Hal Jackson was an African American business leader, disc jockey and radio personality who broke the color barriers in American radio broadcasting. He was born on November 3, 1915 in Charleston, South Carolina. His parents passed when he was young, and he stayed with other family until moving out on his own at the age of 13. He excelled in several athletics at Dunbar High School. He then went on to attend Howard University, where her worked as a college sports announcer. He was able to secure a position providing commentary to a crowd at games of Homestead Grays, who were apart of the Negro Leagues.
By the end of the 1930s, Jackson approached Washington D.C. based WINX with an idea for an interviewing program, but Jackson was told that an African American would never work at that station. He found a sponsor and hired an advertising agency to secure 15 minutes of WINX airtime. The show was an immediate hit and came to be known as The Bronze Review. Jackson expanded his broadcasts to three other stations in the D.C and Maryland areas, and then launched his music show, The House the Jack Built. In the mid-1950’s, he moved to New York and started broadcasting at WMCA and WLIB and appearing live on WABC shows.
In 1971, Jackson teamed with Percy Sutton to cofound the Inner City Broadcasting, while also acquiring WLIB (AM) and WBLS (FM), the first African-American owned and operated radio stations in New York City.
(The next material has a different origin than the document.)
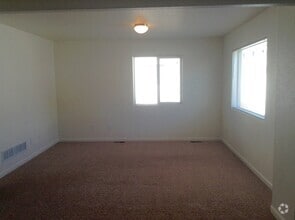 Building Photo - 3 BEDROOM, 2.5 BATHROOM, SADDLE RIDGE TWIN...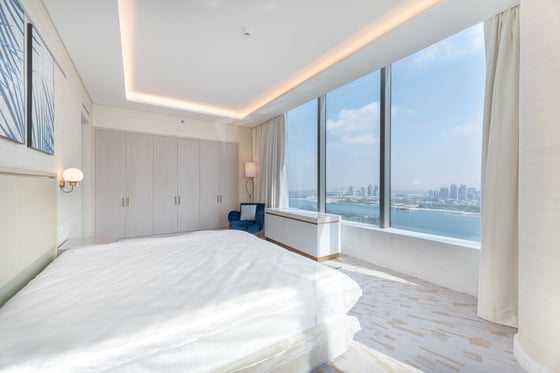 Stunning Penthouse Apartment in Luxury Palm Jumeirah Residence, picture 12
Jackson received four presidential commendations over the course of his career, in honor of his impact on civil rights, radio and the media industry in general. He was inducted into the National Association of Broadcasters Hall of Fame in 1990—becoming the first African American to earn that distinction—and the National Radio Hall of Fame in 1995. In 2001, Jackson released his autobiography, The House That Jack Built. Jackson passed away May 23, 2012, in New York City, at the age of 97.